A fiery sprinter who's become known for her vibrant hair, long nails and brash personality, she figures to be one of the gold-medal favorites in Tokyo, alongside veteran Shelly-Ann Fraser-Pryce of Jamaica. Only 20 women have ever run the 100 in 10.8 seconds or fewer. Richardson has done it three times since April.
The second half of trials, which runs from Thursday through Sunday, will determine the 200-meter teams in Tokyo. Noah Lyles, the reigning world champion in the event, has said he expects to dominate the men's race, advising fans on social media that it "will be disgusting." The women's 200 field is among the deepest at any track event at the trials.

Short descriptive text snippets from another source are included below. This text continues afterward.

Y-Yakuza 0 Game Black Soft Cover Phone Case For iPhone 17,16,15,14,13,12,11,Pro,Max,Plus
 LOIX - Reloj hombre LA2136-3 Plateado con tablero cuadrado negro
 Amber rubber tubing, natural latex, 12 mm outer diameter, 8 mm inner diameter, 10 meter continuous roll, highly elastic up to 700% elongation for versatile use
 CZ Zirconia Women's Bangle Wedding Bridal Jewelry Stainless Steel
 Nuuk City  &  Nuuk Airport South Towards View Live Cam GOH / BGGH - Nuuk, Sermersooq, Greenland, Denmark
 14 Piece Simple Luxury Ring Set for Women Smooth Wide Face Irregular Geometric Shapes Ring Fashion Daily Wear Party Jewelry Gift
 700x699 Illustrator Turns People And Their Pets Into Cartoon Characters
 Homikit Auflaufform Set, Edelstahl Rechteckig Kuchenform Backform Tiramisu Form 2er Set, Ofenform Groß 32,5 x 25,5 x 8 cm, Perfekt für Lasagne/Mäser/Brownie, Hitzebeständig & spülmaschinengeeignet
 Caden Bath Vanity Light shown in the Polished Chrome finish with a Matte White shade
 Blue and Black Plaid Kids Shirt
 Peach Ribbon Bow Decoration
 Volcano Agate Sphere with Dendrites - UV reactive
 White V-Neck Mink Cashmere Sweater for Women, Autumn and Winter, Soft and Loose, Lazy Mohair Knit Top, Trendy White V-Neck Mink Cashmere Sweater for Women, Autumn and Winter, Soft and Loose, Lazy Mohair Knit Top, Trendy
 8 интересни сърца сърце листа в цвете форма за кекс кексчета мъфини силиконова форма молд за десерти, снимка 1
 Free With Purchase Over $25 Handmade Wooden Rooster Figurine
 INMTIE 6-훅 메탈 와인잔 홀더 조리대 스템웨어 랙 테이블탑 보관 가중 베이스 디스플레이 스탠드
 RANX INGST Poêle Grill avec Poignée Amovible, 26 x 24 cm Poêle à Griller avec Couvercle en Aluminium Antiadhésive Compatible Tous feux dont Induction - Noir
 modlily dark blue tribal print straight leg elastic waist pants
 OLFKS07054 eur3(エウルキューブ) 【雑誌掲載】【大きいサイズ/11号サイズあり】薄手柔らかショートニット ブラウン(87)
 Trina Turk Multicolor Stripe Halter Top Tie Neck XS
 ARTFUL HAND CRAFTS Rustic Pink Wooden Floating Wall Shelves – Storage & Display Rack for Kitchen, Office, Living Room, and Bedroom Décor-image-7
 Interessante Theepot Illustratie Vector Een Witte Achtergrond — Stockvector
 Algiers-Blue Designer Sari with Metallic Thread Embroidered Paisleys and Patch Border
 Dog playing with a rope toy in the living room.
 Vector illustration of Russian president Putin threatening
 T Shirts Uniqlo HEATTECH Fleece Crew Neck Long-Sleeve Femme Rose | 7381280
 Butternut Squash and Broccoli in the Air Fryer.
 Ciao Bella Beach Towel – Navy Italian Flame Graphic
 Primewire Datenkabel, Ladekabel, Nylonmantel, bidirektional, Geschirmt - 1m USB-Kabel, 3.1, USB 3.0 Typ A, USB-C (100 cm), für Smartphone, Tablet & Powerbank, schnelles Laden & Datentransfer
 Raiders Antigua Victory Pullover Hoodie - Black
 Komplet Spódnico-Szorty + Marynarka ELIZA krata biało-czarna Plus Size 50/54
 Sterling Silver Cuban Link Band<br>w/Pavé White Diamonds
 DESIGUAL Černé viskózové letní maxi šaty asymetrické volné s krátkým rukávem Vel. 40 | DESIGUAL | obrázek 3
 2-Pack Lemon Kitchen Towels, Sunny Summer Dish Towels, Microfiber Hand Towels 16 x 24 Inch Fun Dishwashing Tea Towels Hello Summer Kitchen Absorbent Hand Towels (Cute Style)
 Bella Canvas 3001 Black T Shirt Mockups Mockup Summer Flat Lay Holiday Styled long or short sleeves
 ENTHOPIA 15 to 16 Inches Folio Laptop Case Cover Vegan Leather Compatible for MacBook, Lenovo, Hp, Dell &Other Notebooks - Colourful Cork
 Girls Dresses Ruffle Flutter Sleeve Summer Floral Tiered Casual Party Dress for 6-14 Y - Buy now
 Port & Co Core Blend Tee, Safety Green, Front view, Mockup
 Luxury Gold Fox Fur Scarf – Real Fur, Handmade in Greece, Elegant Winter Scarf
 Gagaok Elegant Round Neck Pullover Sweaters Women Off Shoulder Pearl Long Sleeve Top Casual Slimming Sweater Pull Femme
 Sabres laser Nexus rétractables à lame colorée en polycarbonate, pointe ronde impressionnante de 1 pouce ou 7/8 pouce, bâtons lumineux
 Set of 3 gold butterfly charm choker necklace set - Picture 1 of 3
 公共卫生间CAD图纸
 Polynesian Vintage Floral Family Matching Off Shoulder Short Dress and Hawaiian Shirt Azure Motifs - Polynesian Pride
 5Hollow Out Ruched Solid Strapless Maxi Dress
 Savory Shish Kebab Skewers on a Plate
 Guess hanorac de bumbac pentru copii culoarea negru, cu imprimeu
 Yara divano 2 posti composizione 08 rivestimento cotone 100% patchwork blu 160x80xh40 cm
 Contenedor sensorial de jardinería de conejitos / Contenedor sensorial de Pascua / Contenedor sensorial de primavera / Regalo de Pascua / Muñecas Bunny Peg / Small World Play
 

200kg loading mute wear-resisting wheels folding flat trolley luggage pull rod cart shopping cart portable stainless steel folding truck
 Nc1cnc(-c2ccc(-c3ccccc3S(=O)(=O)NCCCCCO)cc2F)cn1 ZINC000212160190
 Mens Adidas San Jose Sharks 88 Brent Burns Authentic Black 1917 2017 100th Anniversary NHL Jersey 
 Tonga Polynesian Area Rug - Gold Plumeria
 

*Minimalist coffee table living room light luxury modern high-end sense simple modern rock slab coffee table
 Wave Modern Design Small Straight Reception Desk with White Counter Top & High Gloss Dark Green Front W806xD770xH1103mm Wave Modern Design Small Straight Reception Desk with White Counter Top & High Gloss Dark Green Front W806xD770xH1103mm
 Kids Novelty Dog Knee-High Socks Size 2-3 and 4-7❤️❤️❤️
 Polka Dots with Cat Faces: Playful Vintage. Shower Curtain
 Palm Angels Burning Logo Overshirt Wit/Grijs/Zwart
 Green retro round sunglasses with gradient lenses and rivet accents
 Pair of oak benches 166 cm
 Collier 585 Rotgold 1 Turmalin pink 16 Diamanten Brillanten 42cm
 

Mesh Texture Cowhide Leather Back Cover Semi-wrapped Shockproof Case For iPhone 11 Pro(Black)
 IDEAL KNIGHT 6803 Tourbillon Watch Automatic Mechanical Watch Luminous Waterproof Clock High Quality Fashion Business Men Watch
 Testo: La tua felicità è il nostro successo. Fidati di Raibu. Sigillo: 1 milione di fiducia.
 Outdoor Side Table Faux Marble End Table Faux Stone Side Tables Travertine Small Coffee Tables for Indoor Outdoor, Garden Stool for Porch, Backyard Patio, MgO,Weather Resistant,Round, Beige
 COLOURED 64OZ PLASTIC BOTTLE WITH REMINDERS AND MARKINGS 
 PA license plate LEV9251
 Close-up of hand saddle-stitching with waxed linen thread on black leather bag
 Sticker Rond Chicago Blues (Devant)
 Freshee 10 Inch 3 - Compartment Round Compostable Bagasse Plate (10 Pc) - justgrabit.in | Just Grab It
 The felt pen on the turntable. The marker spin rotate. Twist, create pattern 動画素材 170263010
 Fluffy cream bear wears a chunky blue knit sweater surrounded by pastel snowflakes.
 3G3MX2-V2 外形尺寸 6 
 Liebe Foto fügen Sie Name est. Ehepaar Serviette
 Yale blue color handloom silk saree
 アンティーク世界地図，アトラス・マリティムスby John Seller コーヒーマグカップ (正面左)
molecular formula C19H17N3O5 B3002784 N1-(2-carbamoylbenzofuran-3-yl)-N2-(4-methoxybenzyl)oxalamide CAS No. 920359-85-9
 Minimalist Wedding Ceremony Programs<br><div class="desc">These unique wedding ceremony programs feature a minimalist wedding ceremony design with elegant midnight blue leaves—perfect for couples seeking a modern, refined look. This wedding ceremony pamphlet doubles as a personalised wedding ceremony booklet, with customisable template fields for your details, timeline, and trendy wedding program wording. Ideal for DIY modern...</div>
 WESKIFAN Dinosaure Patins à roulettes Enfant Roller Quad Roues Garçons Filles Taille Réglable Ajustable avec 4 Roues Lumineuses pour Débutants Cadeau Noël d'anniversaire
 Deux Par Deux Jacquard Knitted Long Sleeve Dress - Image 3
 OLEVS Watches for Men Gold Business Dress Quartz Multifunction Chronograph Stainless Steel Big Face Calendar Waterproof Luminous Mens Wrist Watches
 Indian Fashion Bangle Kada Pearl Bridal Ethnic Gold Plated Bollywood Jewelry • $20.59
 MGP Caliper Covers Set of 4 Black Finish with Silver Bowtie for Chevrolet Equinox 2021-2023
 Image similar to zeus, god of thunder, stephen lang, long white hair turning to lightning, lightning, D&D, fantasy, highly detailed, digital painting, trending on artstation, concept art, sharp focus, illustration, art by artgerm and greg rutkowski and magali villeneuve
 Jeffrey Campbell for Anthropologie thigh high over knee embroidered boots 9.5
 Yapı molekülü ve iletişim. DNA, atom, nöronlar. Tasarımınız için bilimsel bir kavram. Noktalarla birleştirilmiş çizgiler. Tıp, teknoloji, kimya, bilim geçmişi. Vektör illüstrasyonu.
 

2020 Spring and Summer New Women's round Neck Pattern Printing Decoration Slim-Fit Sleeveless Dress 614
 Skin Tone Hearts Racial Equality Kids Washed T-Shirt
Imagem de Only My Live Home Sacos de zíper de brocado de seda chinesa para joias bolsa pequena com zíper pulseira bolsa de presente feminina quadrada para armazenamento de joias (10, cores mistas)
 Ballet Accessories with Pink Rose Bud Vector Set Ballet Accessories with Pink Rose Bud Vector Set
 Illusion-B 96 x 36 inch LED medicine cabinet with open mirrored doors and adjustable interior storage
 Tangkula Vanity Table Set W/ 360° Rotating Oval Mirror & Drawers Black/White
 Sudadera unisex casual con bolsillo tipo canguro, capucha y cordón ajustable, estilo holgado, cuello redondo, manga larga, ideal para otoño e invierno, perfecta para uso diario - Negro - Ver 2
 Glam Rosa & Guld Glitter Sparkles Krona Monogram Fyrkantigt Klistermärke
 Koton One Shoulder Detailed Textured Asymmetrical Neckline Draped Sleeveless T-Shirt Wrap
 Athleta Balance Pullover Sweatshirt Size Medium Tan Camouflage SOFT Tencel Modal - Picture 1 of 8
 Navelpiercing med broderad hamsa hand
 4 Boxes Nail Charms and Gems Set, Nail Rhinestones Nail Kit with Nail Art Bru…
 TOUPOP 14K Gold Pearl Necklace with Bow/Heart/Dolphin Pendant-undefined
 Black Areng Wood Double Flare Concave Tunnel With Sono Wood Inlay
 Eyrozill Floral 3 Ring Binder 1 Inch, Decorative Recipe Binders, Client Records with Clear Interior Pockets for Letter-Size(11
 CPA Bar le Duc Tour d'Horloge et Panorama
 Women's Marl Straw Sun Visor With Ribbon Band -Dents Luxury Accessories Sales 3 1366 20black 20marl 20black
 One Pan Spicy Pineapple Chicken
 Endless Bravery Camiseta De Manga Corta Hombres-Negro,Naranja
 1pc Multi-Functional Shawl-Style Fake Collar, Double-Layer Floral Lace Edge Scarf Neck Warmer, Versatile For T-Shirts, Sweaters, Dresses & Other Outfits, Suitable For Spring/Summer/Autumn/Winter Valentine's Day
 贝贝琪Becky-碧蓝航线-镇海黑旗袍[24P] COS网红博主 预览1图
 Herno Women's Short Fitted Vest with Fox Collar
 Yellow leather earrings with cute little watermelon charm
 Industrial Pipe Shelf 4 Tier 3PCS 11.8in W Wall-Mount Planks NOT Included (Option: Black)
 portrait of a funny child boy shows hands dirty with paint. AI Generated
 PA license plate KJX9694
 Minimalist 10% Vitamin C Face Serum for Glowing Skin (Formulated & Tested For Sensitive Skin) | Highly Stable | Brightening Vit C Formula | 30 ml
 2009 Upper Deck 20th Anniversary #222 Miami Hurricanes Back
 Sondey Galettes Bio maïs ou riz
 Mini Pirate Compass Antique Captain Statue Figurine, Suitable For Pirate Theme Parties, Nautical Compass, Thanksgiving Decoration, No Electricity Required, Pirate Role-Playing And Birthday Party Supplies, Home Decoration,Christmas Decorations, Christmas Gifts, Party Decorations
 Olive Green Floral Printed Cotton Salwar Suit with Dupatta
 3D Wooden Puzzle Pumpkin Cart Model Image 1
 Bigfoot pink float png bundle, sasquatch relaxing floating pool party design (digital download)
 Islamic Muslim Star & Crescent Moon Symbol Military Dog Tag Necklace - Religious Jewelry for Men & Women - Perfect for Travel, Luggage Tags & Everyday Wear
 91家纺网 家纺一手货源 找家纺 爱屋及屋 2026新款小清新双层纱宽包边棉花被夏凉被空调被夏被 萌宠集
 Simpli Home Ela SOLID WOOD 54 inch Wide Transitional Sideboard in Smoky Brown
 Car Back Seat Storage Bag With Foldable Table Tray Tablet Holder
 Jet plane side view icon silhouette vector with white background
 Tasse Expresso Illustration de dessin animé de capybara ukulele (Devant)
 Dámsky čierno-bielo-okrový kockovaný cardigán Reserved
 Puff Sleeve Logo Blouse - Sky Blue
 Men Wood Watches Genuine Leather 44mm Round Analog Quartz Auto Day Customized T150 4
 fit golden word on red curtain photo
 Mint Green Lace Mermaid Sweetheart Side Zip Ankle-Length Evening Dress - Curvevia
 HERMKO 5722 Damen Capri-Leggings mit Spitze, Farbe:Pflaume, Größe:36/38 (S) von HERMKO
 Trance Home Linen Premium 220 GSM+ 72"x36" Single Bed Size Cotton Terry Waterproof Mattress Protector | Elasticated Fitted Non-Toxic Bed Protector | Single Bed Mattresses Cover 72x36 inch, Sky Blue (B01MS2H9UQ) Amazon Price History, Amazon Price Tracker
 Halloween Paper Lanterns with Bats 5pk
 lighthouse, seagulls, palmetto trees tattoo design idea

In the coming weeks, the U.S. will also finalize its 4×100 relay teams. The pools for those teams will consist of as many as six athletes – the top-four finishers in the individual race at trials, plus two others selected by Team USA's head relay coach.
Regardless of who is on those men's and women's 4×100 teams, or the order in which the athletes run, the U.S. will be favored to win gold in both.
Generating lofty expectations, of course, is one thing. Meeting them is another. The U.S. will still need the performances in Tokyo to match its potential, which is no easy feat. But at the very least, the competition at Hayward Field so far has put the rest of the world on notice.